Шел снег, и резина-то у всех хорошая, только ехать некуда. На подъеме развернуло американский «Френч» с длиннющим прицепом от забора до забора, и ловушка захлопнулась. Снег идет ровно, безветрие. Не то, чтобы мороз, но студено. В авто у всех печки подсвистывают, а значит, и моторы в работе. Через час в зоне моей видимости стали появляться машины, у которых кончился бензин, а там люд был и малый, и старый. А граждане стали делиться, у кого что было: кто остатки бензина сливал, кто одеяло подносил, кто детей в машины теплые забирал. Дети хотели есть и пить, но по ту и эту сторону – темные бугры леса, где-то с редкими огоньками. Небо темное, как бы навалившееся. В свете фар снег летит. Через два часа первые мужики перестали стесняться и подскакивали раз за разом к ограждениям, а потом и женщины стали присаживаться между машинами, ибо ограждения были преодолимы только для самых сильных и тренированных. Спрятаться было негде, люди ждали помощи. Когда где-то далеко засветила красная мигалка, все оживились, но вскоре она пропала, растворившись в ночи. Спасал Христос в эту ночь, он пришел к каждому. Люди помогали друг другу – и в дорогих машинах, и в хламе. На шестом часу ожидания где-то растащили грузовик с продуктами и, преодолев ограждения, жгли костры, разносили на ветках горячие сосиски, а потом в машинах, где еще работали печки, под них засовывали голые мокрые ноги и отогревали. Никто не истерил и не ругался. Это были совсем другие люди за рулями, не те, с которыми я ежедневно контачил на дорогах города. Воды не было, с крыш машин соскребали чистый снег, топили его, капали туда из общей банки сгущенку и поили детей, самых маленьких, и те в теплых машинах засыпали. Это был большой общий дом, но я-то знал, что все это пройдет. Все вернутся по квартирам, а потом выйдут на улицу совсем не такими, как сейчас.
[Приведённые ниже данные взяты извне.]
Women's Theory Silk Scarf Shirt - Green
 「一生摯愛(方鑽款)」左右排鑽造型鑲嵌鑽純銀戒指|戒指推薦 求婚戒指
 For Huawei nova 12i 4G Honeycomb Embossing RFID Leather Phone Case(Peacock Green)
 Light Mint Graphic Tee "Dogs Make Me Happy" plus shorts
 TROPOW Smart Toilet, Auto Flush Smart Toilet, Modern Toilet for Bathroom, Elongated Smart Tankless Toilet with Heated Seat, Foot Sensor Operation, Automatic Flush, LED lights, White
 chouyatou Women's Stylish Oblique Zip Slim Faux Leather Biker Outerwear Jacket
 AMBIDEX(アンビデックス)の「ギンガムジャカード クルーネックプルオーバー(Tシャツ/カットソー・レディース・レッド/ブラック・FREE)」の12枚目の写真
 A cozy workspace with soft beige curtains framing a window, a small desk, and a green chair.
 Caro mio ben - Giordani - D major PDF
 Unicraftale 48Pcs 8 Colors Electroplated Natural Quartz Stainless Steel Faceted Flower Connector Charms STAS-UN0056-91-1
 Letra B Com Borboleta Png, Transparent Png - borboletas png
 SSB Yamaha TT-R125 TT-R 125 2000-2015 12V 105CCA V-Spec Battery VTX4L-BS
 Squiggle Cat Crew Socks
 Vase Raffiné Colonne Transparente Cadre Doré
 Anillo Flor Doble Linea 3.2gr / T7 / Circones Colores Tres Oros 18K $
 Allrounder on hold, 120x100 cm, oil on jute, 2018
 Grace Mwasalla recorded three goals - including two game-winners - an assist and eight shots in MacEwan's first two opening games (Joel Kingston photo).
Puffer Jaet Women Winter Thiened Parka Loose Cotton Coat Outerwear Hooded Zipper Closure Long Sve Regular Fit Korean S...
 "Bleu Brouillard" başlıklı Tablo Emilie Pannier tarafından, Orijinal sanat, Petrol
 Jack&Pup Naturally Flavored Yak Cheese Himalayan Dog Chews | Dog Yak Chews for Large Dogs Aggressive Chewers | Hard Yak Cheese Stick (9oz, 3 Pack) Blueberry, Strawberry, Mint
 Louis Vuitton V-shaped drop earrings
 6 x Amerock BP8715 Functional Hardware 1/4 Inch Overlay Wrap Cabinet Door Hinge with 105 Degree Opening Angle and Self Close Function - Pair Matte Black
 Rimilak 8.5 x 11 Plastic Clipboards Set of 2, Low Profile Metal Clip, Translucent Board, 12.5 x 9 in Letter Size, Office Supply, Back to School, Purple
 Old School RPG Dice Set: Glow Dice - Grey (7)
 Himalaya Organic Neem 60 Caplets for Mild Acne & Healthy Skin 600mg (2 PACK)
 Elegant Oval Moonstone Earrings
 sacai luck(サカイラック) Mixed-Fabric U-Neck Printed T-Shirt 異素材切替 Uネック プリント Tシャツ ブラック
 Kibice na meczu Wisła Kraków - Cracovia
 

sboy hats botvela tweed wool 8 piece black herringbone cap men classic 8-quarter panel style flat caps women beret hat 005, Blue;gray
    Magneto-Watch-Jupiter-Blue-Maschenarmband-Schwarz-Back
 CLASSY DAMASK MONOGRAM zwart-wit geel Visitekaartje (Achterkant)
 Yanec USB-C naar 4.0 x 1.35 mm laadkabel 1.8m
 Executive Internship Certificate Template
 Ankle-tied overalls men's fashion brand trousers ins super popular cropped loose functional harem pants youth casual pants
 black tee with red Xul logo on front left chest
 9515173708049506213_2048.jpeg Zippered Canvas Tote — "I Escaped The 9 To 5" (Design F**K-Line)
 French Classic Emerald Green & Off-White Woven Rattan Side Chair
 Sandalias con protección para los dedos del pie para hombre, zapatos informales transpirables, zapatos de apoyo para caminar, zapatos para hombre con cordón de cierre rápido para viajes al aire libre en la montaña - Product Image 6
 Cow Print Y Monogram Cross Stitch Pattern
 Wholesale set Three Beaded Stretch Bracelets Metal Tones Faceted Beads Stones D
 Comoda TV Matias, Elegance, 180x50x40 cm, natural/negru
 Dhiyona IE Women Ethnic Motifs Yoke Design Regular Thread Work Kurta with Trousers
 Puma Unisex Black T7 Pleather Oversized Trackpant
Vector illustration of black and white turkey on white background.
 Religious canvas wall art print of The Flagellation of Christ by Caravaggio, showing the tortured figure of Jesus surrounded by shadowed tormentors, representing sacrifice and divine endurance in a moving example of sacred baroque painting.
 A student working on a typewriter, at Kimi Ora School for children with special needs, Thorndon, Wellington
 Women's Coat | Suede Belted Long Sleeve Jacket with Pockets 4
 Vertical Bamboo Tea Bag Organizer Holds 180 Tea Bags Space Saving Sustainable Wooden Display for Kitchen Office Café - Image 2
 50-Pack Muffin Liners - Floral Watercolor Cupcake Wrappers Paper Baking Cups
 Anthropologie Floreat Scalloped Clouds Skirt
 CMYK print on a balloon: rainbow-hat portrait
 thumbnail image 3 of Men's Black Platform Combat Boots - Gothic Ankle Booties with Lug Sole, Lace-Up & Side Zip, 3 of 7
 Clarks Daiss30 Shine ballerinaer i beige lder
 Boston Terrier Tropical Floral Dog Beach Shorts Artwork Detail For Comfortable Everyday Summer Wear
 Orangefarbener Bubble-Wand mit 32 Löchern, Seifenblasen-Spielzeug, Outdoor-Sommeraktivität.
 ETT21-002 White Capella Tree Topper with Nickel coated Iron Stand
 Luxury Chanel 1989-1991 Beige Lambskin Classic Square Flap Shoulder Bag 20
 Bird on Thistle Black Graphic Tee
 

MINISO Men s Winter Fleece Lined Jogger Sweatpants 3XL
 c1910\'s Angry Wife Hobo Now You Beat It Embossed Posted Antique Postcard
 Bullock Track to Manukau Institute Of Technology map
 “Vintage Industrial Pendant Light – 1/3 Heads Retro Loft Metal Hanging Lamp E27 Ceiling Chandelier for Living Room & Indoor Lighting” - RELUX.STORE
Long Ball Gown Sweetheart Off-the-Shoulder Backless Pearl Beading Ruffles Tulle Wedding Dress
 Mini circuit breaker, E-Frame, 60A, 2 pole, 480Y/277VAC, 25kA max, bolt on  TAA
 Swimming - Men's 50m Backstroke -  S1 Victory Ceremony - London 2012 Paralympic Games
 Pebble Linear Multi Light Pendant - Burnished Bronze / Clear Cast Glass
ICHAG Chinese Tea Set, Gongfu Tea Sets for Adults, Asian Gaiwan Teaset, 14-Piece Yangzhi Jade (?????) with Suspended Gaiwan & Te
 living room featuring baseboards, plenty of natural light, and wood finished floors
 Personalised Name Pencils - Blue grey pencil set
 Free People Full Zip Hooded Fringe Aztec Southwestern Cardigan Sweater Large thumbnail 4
Позже власти и генералы в красивых кокардах гордо рассказывали по телевизору о своих подвигах по спасению бедствующих. Они будут награждать друг друга и утверждать, что они готовы к любым ЧС и даже войне. А я узрел любовь и понял, что пока мы все не пострадаем, мы и не обрусеем, ибо самые жестокие мы – когда сытые и когда праздники.

***

1619 – 400 лет – 2019

Крест в селе, лежит на мягкой чистой стружке в пахнущем свежим деревом ковчеге. Ковчег стоит в сухом теплом месте. Я его даже не открываю, как-то боязно без благословения что-либо делать. За благословением собираюсь в апреле, в последнюю неделю перед Страстной. Поеду на Святую землю. Если все получится, надеюсь, Бог даст время на возведение Креста и построиться рядом на старость. А пока планирую, черчу, пишу, готовлюсь к большой работе. Определяюсь с главным и второстепенным, но из-за отсутствия опыта все мне видится главным. Но люди вокруг теперь объявляются хорошие, мастеровые и с желанием участвовать. В них я ищу помощи и советов. А как покажет время, примкнувшие и трусливые сами найдут причины убежать. И ничего сами в жизни не сотворившие будут меня хулить и обсуждать с атеистами и убогими. Сейчас село замерло, как всегда бывает в зиму. Тихо, холодно и ветрено.

***

В конце лета любовь и ревность одержала чистую победу. Мой водитель, толковый, деятельный парень, уволился. Его женушка не смогла терпеть хорошую зарплату за работу, которая, бывало, прихватывала вечерние, а иногда и ночные часы. Сейчас он клерком в какой-то конторе на пятидневке, но вольному воля.